---
library_name: transformers
license: apache-2.0
license_link: https://huggingface.co/Qwen/Qwen3-Coder-Next-Base/blob/main/LICENSE
pipeline_tag: text-generation
---

# Qwen3-Coder-Next-Base

## Introduction
**Qwen3-Coder-Next-Base** is an open-weight language model designed specifically for coding agents and local development.

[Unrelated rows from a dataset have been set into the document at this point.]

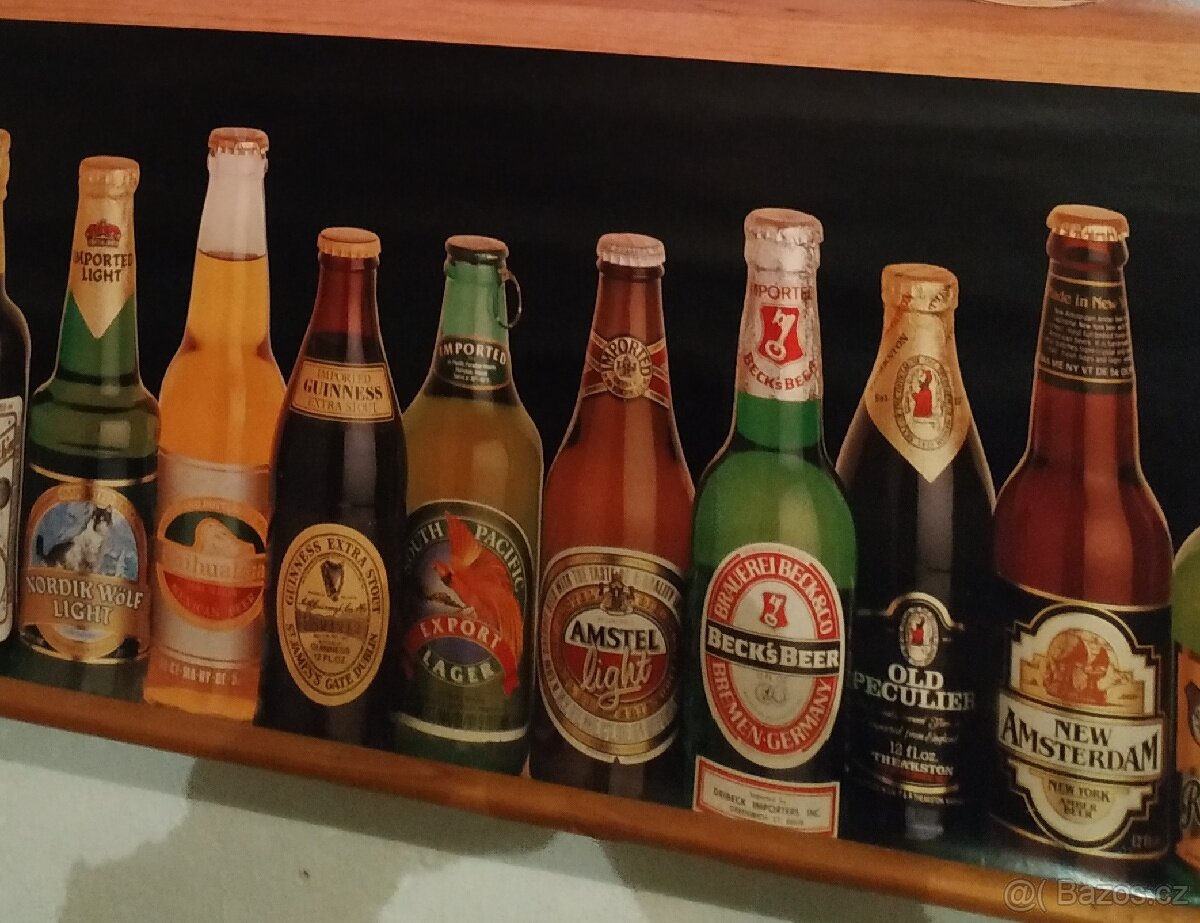 Starý plakát - pivní láhve - 2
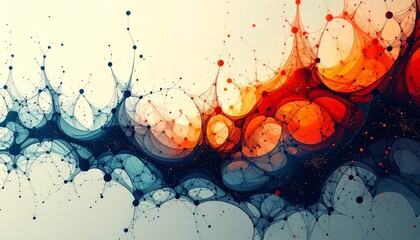 Neural web fractal nodes vector, clean minimal layout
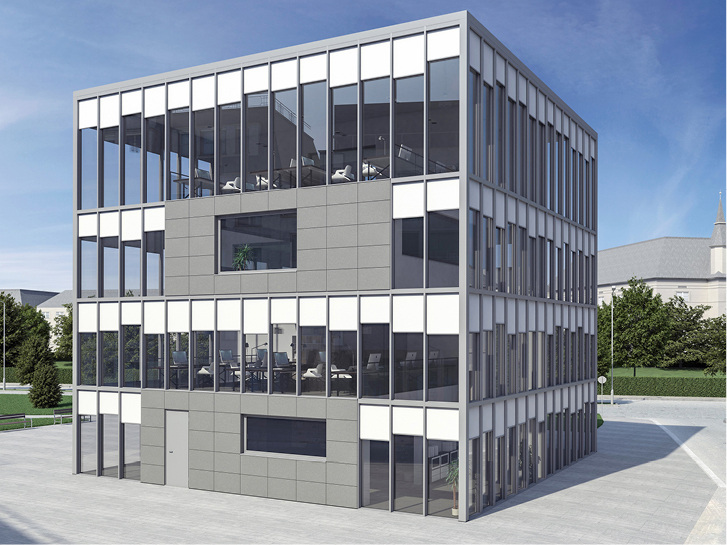 



Durch die im Vergleich zu anderen Sonnenschutzprodukten kleine Kastengrößen können ZIP-Systeme relativ unkompliziert und optisch unauffällig in die Fassade integriert werden.
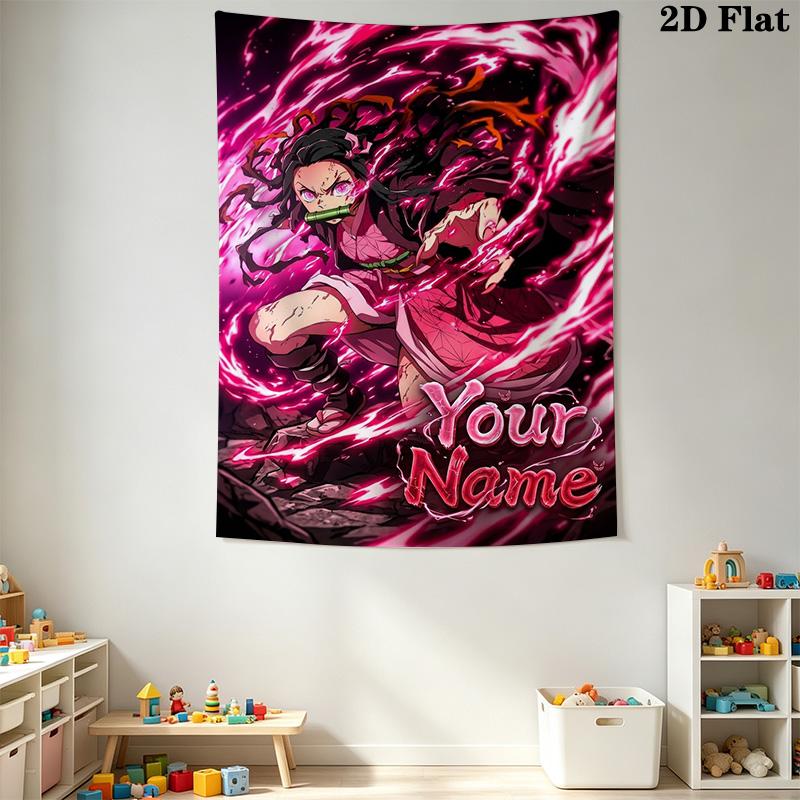 Name Custom Nezuko Wall Tapestry Aesthetic Wall Hanging Printed Fabric Blanket Decorative Tapestries for Bedroom Living Room Home Decor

It is the base version of the 80B parameter model that activates only 3B parameters during inference, as described in the [Qwen3-Coder-Next Technical Report](https://huggingface.co/papers/2603.00729).

## Highlights

Today, we're announcing **Qwen3-Coder-Next-Base**, an open-weight language model designed specifically for coding agents and local development. It features the following key enhancements:  

- **Advanced architecture**: It integrates the Hybrid Attention with highly sparse MoE, enabling high throughput and strong ultra-long-context modeling.

- **Robust data foundation**: Trained on highly diverse, broad-coverage corpora, with native 256K context and support for 370+ languages, it leaves ample headroom for post-training.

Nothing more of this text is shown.